### [Problem details]
Which lines in the data contain the word "ihnen"? Please copy each of them.

(Source data)
————

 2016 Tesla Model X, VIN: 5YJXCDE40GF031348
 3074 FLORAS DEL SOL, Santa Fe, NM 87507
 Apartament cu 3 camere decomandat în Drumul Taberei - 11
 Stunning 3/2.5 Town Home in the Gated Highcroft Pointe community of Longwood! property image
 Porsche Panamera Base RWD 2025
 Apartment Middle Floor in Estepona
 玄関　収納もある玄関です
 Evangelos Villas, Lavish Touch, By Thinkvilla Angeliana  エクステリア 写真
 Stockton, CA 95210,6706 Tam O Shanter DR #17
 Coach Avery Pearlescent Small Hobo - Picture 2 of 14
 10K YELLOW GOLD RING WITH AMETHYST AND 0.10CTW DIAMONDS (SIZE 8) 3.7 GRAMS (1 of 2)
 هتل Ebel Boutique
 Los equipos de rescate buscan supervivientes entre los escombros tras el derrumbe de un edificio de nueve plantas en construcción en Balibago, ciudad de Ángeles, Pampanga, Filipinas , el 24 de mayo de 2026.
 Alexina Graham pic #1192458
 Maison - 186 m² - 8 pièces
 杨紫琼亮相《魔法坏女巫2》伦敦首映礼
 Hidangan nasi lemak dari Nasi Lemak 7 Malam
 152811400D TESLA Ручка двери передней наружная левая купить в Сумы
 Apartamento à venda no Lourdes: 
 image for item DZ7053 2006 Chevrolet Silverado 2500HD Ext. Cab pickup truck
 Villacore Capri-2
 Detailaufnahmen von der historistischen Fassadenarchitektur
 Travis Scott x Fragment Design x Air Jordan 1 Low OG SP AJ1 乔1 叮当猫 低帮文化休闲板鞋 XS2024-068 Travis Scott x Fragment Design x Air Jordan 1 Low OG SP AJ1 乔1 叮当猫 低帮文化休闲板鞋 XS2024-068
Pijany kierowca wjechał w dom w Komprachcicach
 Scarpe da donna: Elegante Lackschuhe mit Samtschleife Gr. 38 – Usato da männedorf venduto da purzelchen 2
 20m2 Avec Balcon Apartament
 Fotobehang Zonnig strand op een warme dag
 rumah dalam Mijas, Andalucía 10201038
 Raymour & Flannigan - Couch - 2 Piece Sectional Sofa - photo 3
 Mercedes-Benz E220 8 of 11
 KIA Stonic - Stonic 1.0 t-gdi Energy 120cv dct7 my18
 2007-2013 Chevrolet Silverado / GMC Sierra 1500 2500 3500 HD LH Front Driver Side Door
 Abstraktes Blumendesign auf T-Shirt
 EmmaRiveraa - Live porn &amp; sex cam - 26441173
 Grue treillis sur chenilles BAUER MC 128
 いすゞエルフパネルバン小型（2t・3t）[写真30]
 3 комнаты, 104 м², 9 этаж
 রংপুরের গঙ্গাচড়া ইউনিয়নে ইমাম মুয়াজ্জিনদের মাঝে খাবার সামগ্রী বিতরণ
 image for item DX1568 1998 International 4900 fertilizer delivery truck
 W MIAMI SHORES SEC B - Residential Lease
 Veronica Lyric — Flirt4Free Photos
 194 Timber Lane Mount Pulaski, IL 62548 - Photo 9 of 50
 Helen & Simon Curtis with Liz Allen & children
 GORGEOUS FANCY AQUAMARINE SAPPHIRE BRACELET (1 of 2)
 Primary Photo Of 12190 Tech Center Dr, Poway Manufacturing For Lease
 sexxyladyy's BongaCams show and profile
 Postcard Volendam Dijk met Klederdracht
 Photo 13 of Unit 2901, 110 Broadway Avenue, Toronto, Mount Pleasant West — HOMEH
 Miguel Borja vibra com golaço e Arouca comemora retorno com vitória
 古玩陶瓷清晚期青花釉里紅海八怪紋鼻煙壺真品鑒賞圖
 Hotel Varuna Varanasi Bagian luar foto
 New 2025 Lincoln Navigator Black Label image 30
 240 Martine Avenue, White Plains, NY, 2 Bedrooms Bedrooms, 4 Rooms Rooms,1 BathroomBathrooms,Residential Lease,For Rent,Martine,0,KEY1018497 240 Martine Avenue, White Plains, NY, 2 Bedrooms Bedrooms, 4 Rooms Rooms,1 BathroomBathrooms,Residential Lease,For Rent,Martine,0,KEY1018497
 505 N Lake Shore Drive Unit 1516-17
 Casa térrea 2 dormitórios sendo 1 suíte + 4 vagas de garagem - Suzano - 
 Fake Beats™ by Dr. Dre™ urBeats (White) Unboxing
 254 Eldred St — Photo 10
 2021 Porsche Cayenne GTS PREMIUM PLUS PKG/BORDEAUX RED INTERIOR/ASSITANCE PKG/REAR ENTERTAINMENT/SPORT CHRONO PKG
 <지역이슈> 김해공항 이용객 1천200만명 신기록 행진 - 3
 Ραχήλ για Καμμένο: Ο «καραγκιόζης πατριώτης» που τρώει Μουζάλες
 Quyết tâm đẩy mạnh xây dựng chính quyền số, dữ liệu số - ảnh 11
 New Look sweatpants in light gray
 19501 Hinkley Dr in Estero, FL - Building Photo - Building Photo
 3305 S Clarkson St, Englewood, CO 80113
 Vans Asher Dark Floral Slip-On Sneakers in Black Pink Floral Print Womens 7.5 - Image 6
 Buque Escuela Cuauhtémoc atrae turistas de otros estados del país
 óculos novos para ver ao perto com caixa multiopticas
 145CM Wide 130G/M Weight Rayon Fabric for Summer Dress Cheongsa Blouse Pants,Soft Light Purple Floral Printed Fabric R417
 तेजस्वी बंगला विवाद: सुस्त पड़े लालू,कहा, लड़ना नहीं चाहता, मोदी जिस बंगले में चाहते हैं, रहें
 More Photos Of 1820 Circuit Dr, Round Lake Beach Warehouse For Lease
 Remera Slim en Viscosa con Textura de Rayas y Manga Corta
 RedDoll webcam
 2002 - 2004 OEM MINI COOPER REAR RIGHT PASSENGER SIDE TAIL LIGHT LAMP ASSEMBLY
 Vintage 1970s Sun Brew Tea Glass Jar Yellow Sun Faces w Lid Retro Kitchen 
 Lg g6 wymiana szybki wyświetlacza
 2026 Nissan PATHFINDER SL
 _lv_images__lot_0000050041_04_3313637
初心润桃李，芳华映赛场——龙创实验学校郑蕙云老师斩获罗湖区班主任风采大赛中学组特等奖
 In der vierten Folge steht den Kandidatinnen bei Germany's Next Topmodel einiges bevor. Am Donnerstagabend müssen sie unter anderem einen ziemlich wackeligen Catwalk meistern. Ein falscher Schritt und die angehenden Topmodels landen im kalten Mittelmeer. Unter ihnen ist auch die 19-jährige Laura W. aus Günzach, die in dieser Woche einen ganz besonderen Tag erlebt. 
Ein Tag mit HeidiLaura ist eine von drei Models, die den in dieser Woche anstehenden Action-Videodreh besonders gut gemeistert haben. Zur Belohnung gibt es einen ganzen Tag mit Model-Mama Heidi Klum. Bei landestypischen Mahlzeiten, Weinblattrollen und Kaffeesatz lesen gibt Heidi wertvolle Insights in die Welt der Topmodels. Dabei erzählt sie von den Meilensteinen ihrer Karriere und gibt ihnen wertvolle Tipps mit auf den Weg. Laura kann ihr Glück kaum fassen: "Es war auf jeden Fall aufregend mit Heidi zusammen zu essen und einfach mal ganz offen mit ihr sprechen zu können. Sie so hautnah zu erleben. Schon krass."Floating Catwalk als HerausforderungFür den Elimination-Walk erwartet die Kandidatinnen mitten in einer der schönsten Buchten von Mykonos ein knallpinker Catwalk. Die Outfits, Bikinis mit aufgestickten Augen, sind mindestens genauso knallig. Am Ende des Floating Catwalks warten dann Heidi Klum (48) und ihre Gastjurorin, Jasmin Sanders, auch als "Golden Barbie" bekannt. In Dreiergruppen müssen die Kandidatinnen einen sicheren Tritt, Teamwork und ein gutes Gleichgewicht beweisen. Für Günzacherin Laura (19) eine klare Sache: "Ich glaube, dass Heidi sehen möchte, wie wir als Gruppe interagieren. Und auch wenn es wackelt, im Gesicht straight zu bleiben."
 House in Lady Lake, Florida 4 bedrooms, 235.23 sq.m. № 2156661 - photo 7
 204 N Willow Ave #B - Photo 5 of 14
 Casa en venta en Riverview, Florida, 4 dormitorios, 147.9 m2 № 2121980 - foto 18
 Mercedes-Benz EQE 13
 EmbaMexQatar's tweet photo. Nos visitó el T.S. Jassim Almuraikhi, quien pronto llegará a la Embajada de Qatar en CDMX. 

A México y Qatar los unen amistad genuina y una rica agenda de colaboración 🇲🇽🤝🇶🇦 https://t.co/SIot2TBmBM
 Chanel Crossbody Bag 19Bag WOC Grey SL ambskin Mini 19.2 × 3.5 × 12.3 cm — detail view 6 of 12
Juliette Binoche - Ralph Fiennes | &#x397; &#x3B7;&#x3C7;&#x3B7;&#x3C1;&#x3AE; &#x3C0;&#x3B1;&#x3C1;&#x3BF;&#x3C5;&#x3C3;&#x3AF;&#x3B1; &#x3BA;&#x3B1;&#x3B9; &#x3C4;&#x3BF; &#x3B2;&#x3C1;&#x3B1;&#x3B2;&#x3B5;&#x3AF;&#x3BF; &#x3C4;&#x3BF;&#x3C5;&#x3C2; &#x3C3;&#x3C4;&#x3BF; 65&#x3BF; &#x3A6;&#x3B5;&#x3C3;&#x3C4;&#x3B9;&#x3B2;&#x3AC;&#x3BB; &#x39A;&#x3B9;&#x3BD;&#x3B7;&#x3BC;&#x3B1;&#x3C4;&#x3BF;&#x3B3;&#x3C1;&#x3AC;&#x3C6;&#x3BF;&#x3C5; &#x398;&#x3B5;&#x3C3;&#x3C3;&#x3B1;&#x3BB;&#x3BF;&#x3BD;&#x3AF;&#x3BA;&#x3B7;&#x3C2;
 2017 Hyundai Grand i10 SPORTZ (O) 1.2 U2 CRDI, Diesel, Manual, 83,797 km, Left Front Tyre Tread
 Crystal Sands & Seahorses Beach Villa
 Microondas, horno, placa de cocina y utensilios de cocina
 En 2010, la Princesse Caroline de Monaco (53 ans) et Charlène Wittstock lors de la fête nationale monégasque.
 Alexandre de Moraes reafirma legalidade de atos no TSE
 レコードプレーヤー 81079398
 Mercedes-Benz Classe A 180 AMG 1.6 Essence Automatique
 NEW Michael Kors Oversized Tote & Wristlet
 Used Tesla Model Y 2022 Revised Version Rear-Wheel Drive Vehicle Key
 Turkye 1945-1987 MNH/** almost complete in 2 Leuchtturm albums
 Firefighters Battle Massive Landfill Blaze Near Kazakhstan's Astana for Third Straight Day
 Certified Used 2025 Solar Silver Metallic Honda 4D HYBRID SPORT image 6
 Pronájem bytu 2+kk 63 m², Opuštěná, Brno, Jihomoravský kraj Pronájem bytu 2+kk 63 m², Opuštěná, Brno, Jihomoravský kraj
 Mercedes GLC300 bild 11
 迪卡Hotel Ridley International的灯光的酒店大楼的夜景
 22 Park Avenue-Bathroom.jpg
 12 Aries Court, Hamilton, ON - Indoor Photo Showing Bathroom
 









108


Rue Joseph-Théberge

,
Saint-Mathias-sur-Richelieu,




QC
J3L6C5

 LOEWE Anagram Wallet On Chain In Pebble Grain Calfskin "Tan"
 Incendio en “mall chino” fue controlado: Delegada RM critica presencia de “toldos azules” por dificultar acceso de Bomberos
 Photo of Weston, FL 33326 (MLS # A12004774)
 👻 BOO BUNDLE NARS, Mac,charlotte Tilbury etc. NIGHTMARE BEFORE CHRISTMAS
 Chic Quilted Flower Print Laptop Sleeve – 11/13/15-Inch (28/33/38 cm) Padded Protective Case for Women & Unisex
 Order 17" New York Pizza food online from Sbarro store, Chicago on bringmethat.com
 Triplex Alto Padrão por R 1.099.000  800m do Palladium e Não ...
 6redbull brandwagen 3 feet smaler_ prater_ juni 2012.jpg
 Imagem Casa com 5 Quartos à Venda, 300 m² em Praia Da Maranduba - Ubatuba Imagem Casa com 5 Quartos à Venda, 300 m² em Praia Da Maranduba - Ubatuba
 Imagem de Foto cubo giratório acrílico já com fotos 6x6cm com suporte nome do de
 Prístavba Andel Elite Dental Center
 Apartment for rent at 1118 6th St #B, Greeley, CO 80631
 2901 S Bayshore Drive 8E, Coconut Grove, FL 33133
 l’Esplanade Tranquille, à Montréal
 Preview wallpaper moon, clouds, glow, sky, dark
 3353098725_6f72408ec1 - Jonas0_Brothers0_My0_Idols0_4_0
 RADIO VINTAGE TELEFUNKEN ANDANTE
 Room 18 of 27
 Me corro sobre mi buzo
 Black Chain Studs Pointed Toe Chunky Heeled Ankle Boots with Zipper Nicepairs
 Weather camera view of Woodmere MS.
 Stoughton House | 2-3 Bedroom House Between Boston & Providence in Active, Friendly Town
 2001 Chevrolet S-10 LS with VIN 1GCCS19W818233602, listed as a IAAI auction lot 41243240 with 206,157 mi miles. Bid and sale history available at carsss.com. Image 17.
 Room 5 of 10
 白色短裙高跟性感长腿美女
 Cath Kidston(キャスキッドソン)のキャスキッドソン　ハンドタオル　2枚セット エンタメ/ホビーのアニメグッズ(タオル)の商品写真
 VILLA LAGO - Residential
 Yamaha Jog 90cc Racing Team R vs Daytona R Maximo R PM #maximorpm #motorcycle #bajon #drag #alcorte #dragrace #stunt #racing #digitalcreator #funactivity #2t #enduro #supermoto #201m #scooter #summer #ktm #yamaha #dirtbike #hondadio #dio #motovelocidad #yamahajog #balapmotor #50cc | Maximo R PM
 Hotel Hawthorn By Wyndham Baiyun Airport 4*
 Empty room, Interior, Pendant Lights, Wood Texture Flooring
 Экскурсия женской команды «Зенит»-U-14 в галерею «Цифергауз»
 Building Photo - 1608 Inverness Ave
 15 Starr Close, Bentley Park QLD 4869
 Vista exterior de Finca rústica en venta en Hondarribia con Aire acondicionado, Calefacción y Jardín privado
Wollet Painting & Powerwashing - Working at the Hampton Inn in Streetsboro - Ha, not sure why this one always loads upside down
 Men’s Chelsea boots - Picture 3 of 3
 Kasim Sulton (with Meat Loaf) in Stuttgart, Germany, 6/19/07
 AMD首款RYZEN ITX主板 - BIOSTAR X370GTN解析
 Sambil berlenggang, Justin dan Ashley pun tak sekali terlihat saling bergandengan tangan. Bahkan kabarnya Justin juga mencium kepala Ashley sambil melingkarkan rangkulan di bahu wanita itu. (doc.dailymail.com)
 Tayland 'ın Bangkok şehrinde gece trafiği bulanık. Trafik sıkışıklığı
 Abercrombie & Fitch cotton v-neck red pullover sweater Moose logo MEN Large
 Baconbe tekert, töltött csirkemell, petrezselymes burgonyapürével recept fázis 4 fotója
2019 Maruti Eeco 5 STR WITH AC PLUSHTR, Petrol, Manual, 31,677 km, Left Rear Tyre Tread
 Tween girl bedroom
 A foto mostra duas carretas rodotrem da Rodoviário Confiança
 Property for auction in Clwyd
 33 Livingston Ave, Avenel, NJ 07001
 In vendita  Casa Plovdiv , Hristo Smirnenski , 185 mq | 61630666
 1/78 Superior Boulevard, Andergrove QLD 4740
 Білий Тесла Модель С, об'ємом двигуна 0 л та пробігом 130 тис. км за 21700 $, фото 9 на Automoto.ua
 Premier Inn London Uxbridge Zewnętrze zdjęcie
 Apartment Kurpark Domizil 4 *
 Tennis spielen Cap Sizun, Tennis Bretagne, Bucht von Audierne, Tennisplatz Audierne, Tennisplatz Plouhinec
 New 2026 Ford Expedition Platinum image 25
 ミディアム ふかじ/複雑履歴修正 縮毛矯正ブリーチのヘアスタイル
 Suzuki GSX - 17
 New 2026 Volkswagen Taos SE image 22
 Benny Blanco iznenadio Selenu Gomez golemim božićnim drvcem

————

### [Answer to this exercise]
 In der vierten Folge steht den Kandidatinnen bei Germany's Next Topmodel einiges bevor. Am Donnerstagabend müssen sie unter anderem einen ziemlich wackeligen Catwalk meistern. Ein falscher Schritt und die angehenden Topmodels landen im kalten Mittelmeer. Unter ihnen ist auch die 19-jährige Laura W. aus Günzach, die in dieser Woche einen ganz besonderen Tag erlebt. 
Ein Tag mit HeidiLaura ist eine von drei Models, die den in dieser Woche anstehenden Action-Videodreh besonders gut gemeistert haben. Zur Belohnung gibt es einen ganzen Tag mit Model-Mama Heidi Klum. Bei landestypischen Mahlzeiten, Weinblattrollen und Kaffeesatz lesen gibt Heidi wertvolle Insights in die Welt der Topmodels. Dabei erzählt sie von den Meilensteinen ihrer Karriere und gibt ihnen wertvolle Tipps mit auf den Weg. Laura kann ihr Glück kaum fassen: "Es war auf jeden Fall aufregend mit Heidi zusammen zu essen und einfach mal ganz offen mit ihr sprechen zu können. Sie so hautnah zu erleben. Schon krass."Floating Catwalk als HerausforderungFür den Elimination-Walk erwartet die Kandidatinnen mitten in einer der schönsten Buchten von Mykonos ein knallpinker Catwalk. Die Outfits, Bikinis mit aufgestickten Augen, sind mindestens genauso knallig. Am Ende des Floating Catwalks warten dann Heidi Klum (48) und ihre Gastjurorin, Jasmin Sanders, auch als "Golden Barbie" bekannt. In Dreiergruppen müssen die Kandidatinnen einen sicheren Tritt, Teamwork und ein gutes Gleichgewicht beweisen. Für Günzacherin Laura (19) eine klare Sache: "Ich glaube, dass Heidi sehen möchte, wie wir als Gruppe interagieren. Und auch wenn es wackelt, im Gesicht straight zu bleiben."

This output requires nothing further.